▶ **Your objective**: Produce a verbatim copy of the following records, leaving out all pictures.

▶ **Dataset records**:
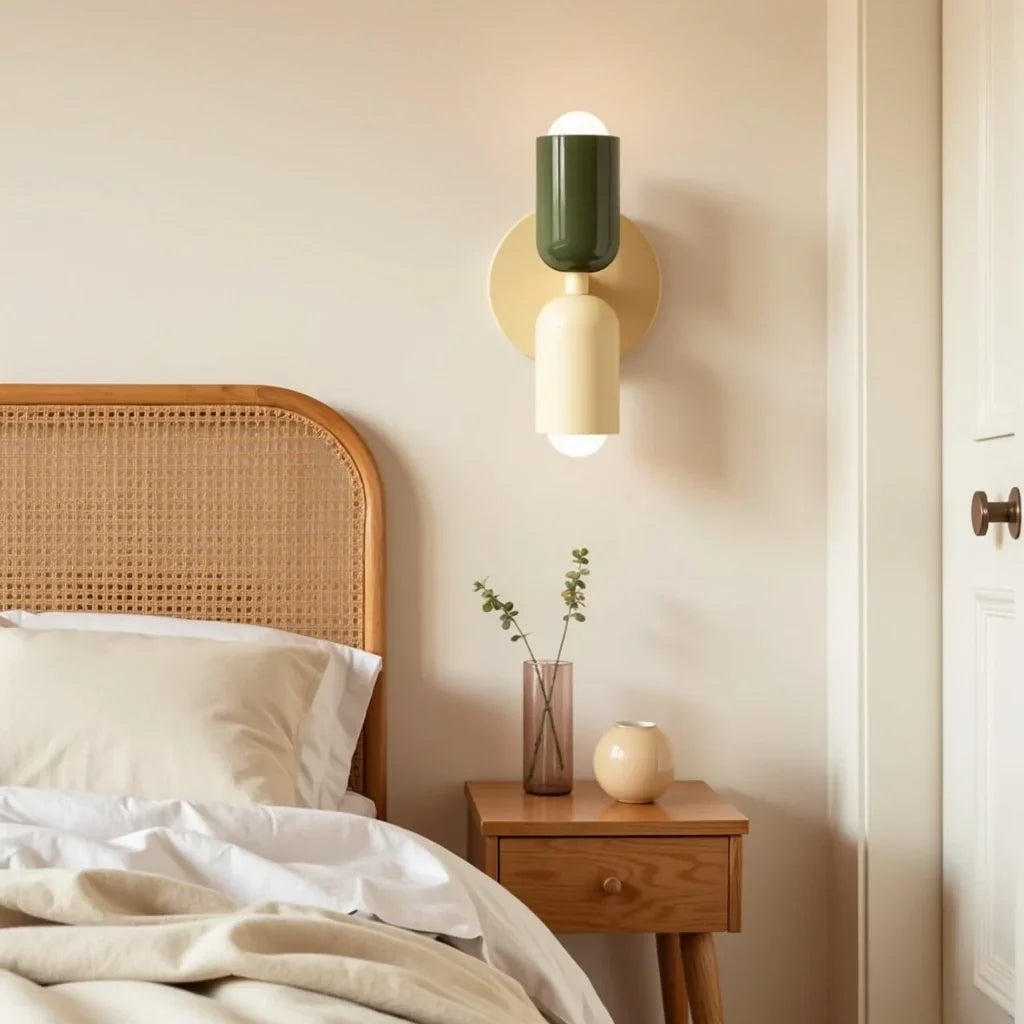 Wandlamp in donkergroen en crème naast een bed met rotan hoofdbord, boven een houten nachtkastje met glazen vaasje. 13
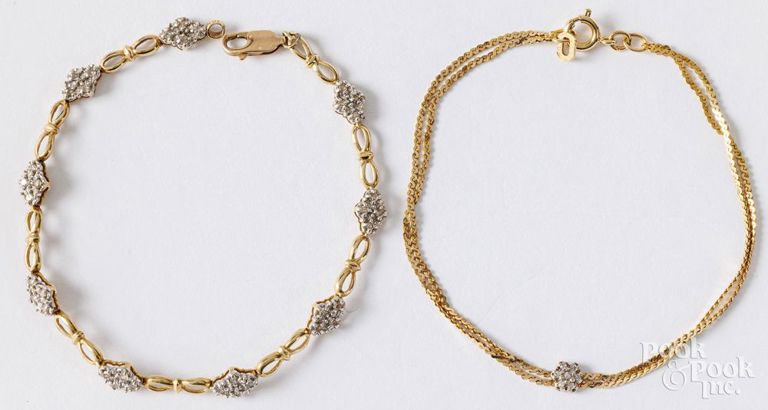 Two 14k yellow gold diamond bracelets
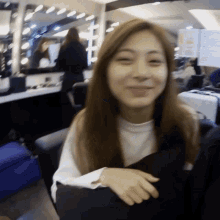a woman with long hair is smiling in a room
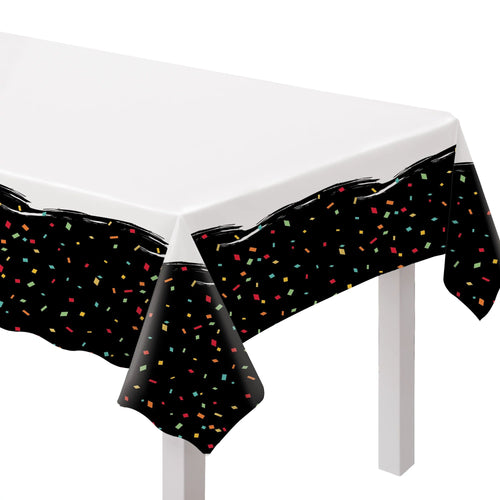 Black confetti tablecloth on a white table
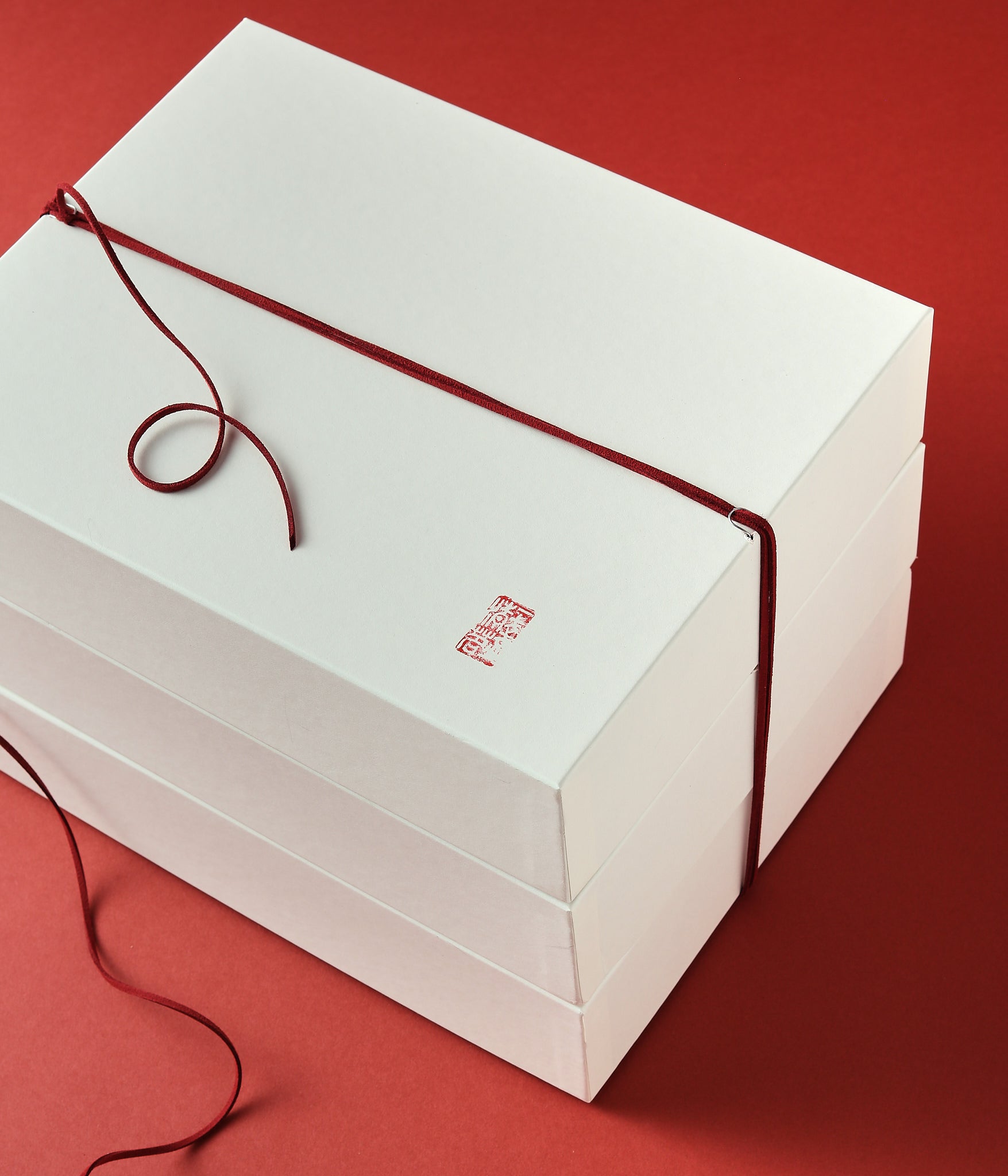 Lunar New Year white gift box with red cord closure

▶ **Written response**:
 Wandlamp in donkergroen en crème naast een bed met rotan hoofdbord, boven een houten nachtkastje met glazen vaasje. 13
 Two 14k yellow gold diamond bracelets
a woman with long hair is smiling in a room
 Black confetti tablecloth on a white table
 Lunar New Year white gift box with red cord closure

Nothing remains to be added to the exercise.